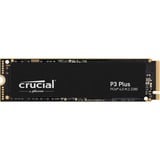 Crucial CT2000P3PSSD8, Solid state-drev 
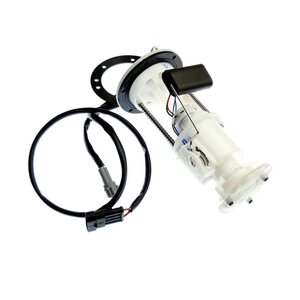 Linhai POLTTOAINEPUMPPU 370 420 EFI LINHAI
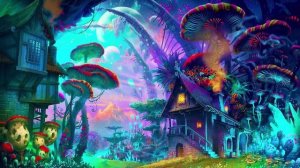 Uplifting Psytrance - Neelix, Phaxe, Morten Granau, Astrix, Liquid Soul, Ritmo
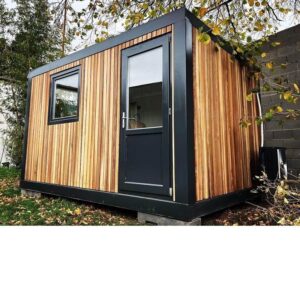 Module Container Aménagé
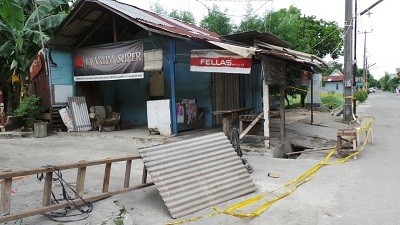 Polisi Berharap Keluarga Beri Informasi Soal Profesi Tito Kei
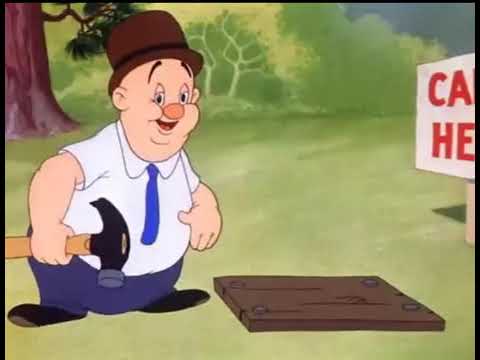 BIG CHUNGUS video original al español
+ + +
**Work to be completed**
From the line containing "Polisi Berharap Keluarga" down to the final line of the material, restate every line word for word, and only those; drop the pictures.

**Answer to this exercise**
 Polisi Berharap Keluarga Beri Informasi Soal Profesi Tito Kei
 BIG CHUNGUS video original al español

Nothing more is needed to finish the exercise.